The lives of all Victorians are shaped by organisational and institutional structures in the public sphere. Such structures are dynamic, always in the process of creation, redefinition, maintenance, and change.

While some individuals may have the opportunity to participate in the creation of some of these structures, and to influence their direction, others suffer under, negotiate with or react to them. Groups of people may then combine to bring about changes to the ways the structures operate and develop.

This collecting field is concerned with communal and institutional activities in the public sphere in Victoria since 1835. Material evidence generated as a result of particular forms of public, cultural, political and institutional activity in Victoria is collected to document distinctive forms of urban and regional life.

The collection focuses on the operation of particular structures at particular times, and also on the processes of change, continuity, reaction and adaptation. Sub-themes include celebrations and festivals; political history; charity and welfare; ritual and belief; and images and icons of Melbourne.

It also illustrates the events and patterns that help us define and understand Australian identity in all its complexity and diversity. A wide range of material has been gathered from many organisations and institutions, both active and inactive.
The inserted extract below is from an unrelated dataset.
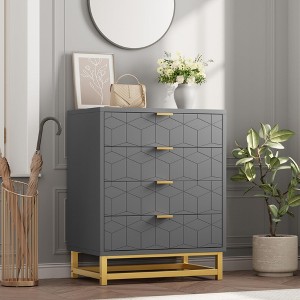 4 Drawer Dresser for Bedroom, Modern Dressers with Gold Metal Handles - 1 of 4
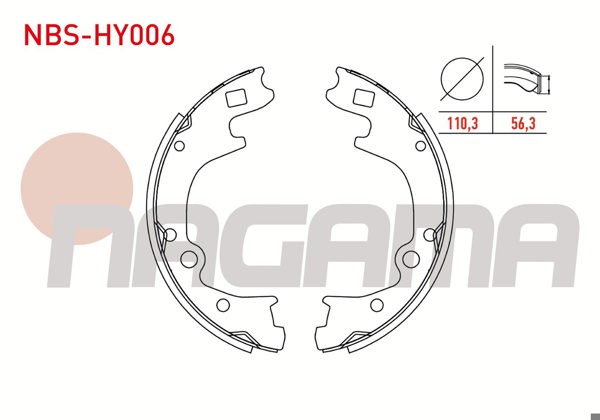 NAGAMA NBS-HY006 | Fren Pabuç Balata Arka 220,6X56,3 mm Hyundai H100 2.5 D Kamyonet 2004-/ Kia K2500 2.5 2003-/ K2500 2.7 Çift Teker 1993-/ Mazda E 2200 (Sr2) 2.2 D 1984-2004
Significant collecting areas:

  • Collections relating to the history of Melbourne and Victoria, especially focusing on imagery of Melbourne; 1934 Centenary of Victoria; 1956 Olympics; 1988 Bicentenary.
  • Royal Exhibition Building collection: material from the Melbourne International exhibitions of 1880-81 and 1888-89, plus objects and documents relating to more recent events in the building.
  • Federation: material from the opening of the first Federal Parliament in 1901 and centenary of Federation celebrations in 2001.
  • Museum History collection: material chronicling Museum Victoria's history since 1854.
  • Political collections, including the anti-Vietnam War movement.
  • Posters from the 1970s to the 1990s representing various social movements, including the feminist movement.
  • Phar Lap and associated material.
  • Psychiatric Services collection of objects from Victoria's psychiatric hospitals: the collection provides substantial evidence of the conditions within psychiatric hospitals and the treatments given to patients before 1950.
  • Friendly and temperance societies and religious collections.
  • Collections from charitable institutions such as the Royal Victorian Institute for the Blind.
  • Objects from the 'Whelan the Wrecker' collection relating to Melbourne institutions and prominent public buildings.
  • Pentridge Prison collection.
  • Melbourne Water collection, objects and oral histories relating to the institutional history of the Melbourne & Metropolitan Board of Works.